Objective: This study aimed to evaluate the quality of care for secondary
prevention of stroke in patients with non-hemorrhagic stroke (ischemic stroke and
TIA) in clinical neurologist Muntilan Hospital Magelang regency.General
Hospital.
Methode: A cross-sectional survey of clinical audit with criteria and standards
modification criteria and standards of Chen, et al., (2011). Modification is based
on stroke guidelines PERDOSSI, 2011. Subjects were all patient records are
examined and diagnosed as non-hemorrhagic stroke in the period January 1
through December 31, 2012. Surveys using the checklist, whereas analysis and
improvement plan created by a team.
Result and Discussion: The results showed that in the case of detection of risk
factors for hypertension detection was optimal (100%).
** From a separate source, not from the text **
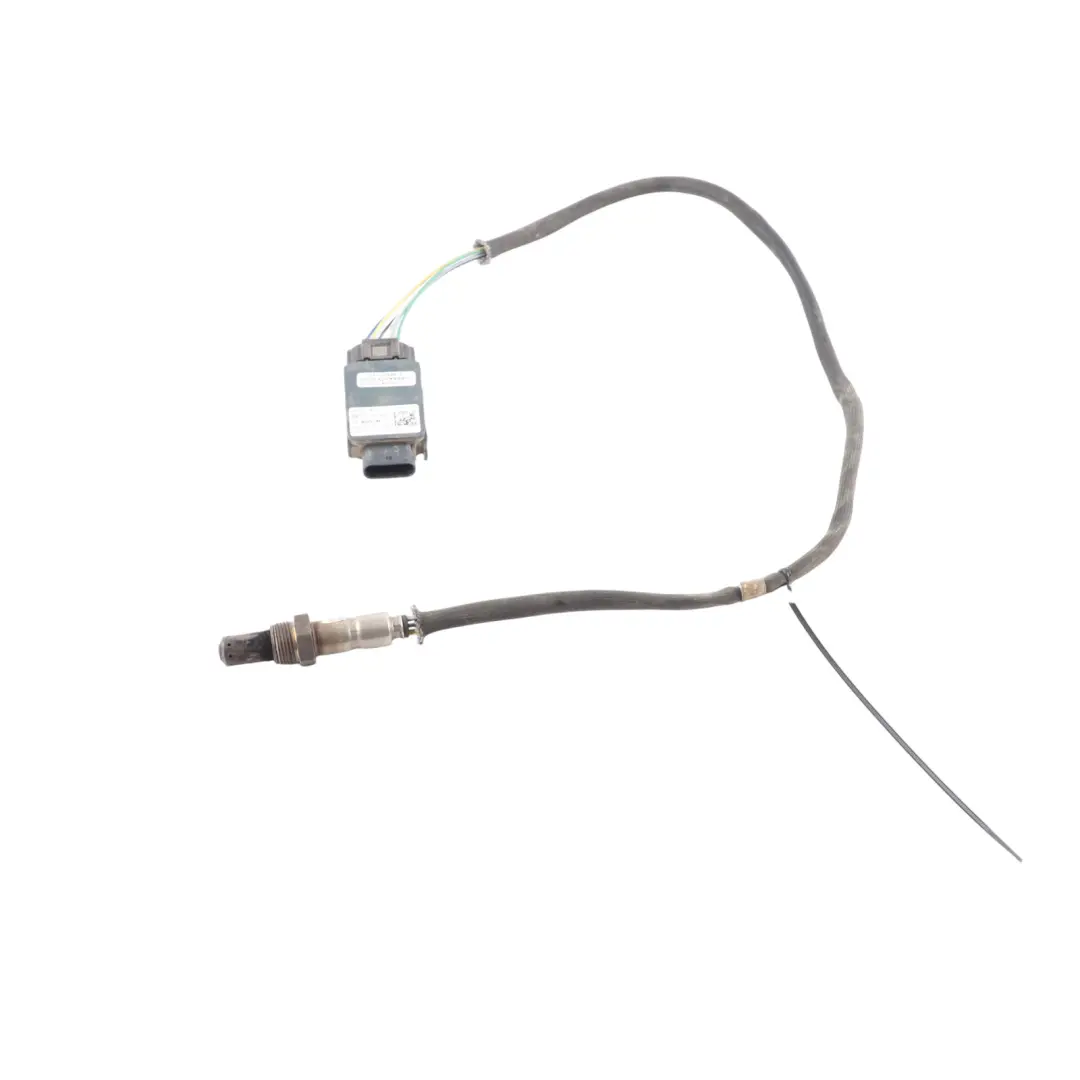 Volkswagen Tiguan 5N Audi Q2 GA NOX Sensor Diesel Lambda Probe - SKU 04L907805DF - Part number 04L907805DF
Deficiences found in the
detection of diabetes risk factors 61.88%, 10.83% dyslipidemia, smoking and
drinking alcohol 88.96%, and 83.75% physical activity. In terms of management,
deficiences found in 38.57% statin, and 83.75% in antiplatelet/anticoagulant
administration. Deficiences in control lifestyle modifications can not be assessed
because the data is not available. Deficiencies in secundary pevention of stroke
care target for the blood pressure 36.67% and 64.44% LDL-cholesterol.
Conclusion and Suggestion: The results show that the quality of secondary
prevention and secondary treatment target stroke has not been optimal. These
results indicate that efforts are needed to improve the quality of secondary
prevention of stroke by doctors and management in Muntilan General Hospital.